# CWC SBS question



## Rmfn33 (May 23, 2020)

Hey everyone! I just picked up a pre owned CWC SBS Quartz Diver and was hoping to find out a few things about it here.

Here is what I know about the watch: I bought it second hand from a guy who said he bought from a surplus store and that guy bought it from a service man who purchased it on his own. 
The dial does have the circle T, meaning it should be tritium unless it's a re issue

There is no serial/date on the back of the watch which makes me think it's not a re issue as all the newer ones have that info, after doing a little research it looks like CWC in the late 90s made some non serialized unissued divers maybe it's from that batch?

the bezel is 60 click

the only thing making me think otherwise is when I received the watch yesterday and put some light on the fade the dial glows pretty strong that it seems like it shouldn't be tritium and it has lume on it. Which is why I'm confused

anyone have any ideas?

here is a link to images of the watch



http://imgur.com/RAsmddm


Thanks so much!


----------



## eezy (Apr 13, 2018)

Silvermans have been selling new, unissued watches for years to almost the same spec as the issued watches.

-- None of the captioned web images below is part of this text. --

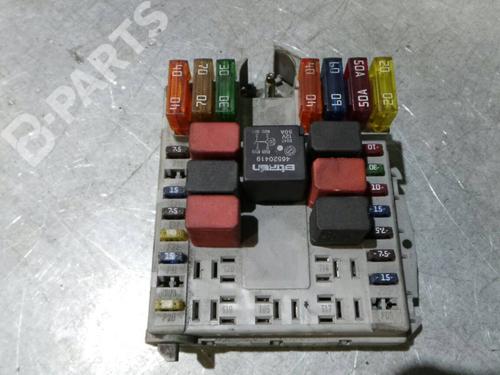 Elektronisk modul FIAT PUNTO (188_) 1.9 DS 60 (188.031, .051, .231, .251) (60 hp) 46760257; 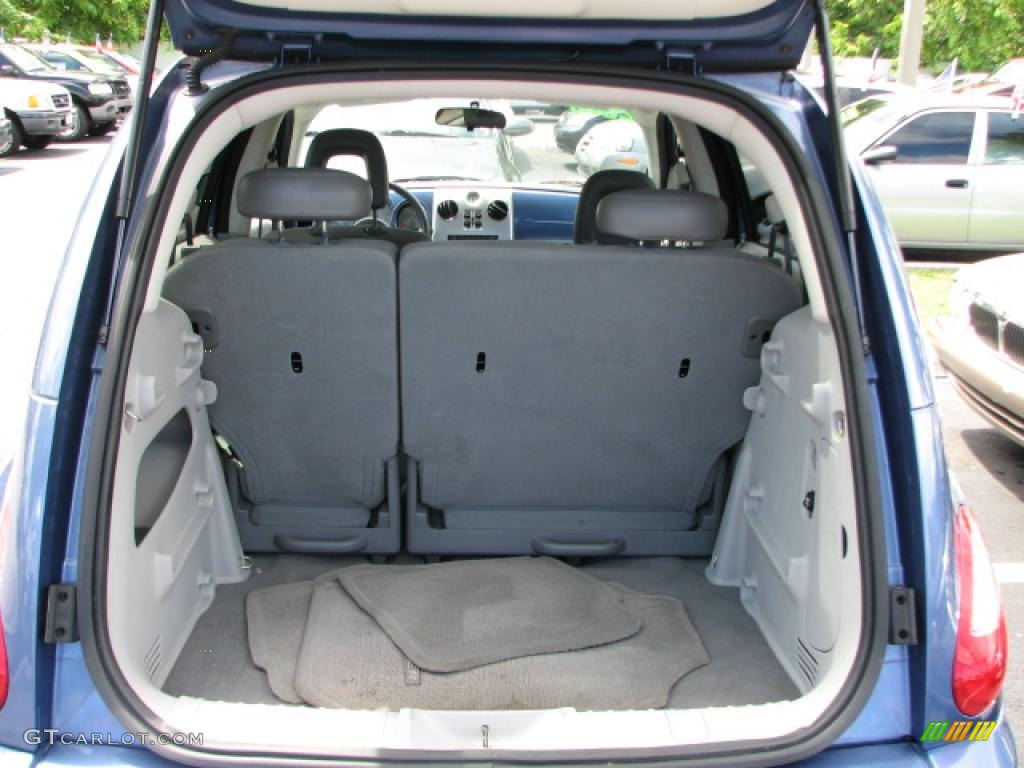 2007 Chrysler PT Cruiser Touring Trunk Photo #39793562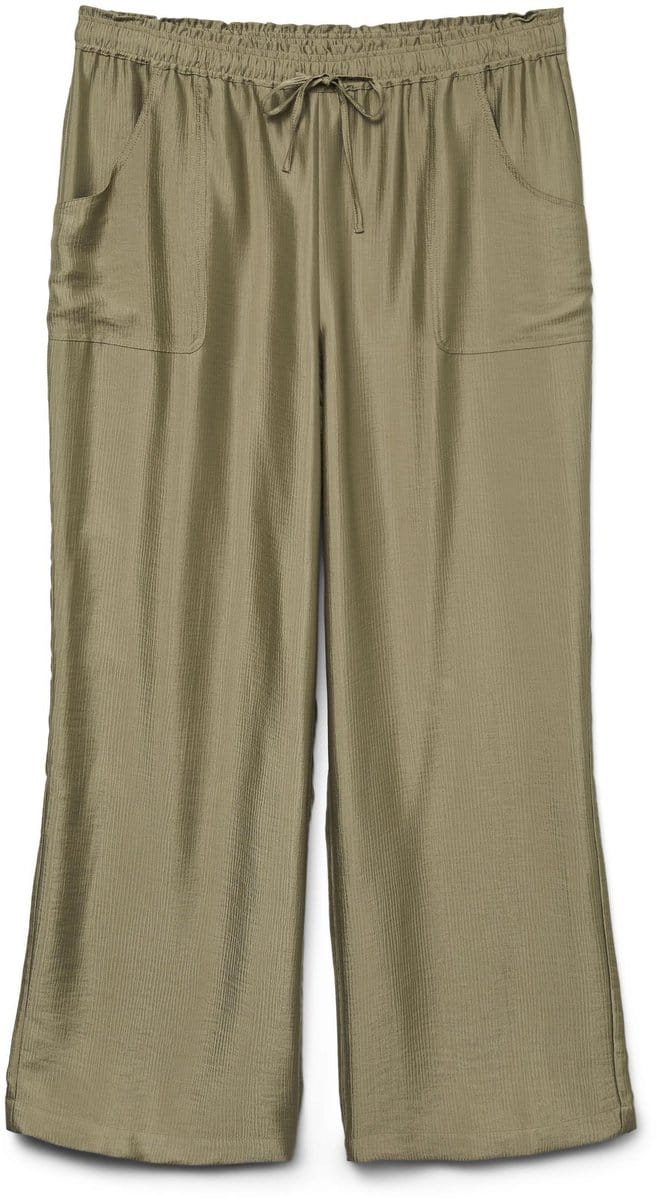 Vero Moda Curve Broeken VMCTOMA High waist Broek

Yours has no issue date so not military issue. Even Silvermans 'Reissues' have a date on (that they were reissued).

They also added a 'T' to the dial for authenticity but used luminova on some watches.

Quote - ''Luminova markings (Tritium paint no longer used in production since early 2000s). ''


----------



## Rmfn33 (May 23, 2020)

eezy said:


> Silvermans have been selling new, unissued watches for years to almost the same spec as the issued watches.
> 
> Yours has no issue date so not military issue. Even Silvermans 'Reissues' have a date on (that they were reissued).
> 
> ...


 Thank you for the info!

I knew that Silvermans was selling "Reissues" with the T but were really Luminova markings.. but I thought they all had the date now.. maybe this one was made prior to them adding the date serial?

Not sure..

CWC actually just got back to me via Instagram which I'm surprised they answered me.. they said its most likely a late 90s model which I had assumed but didn't comment on the Bright Lume shot.


----------



## JoT (Aug 12, 2003)

The good news is the watch is a CWC

The bad news is that it has not been issued but that's not unusual as most haven't been issued, the fact the serviceman bought it himself seems to verify this

I have one with exactly the same markings on the back.

It still might still be tritium paint, as the half-life of tritium is only 12 years or so you lume will only be about one-quarter as bright as when it was new, however when you shine strong light / UV / sunlight on the lume it will still fluoresce but will quickly fade


----------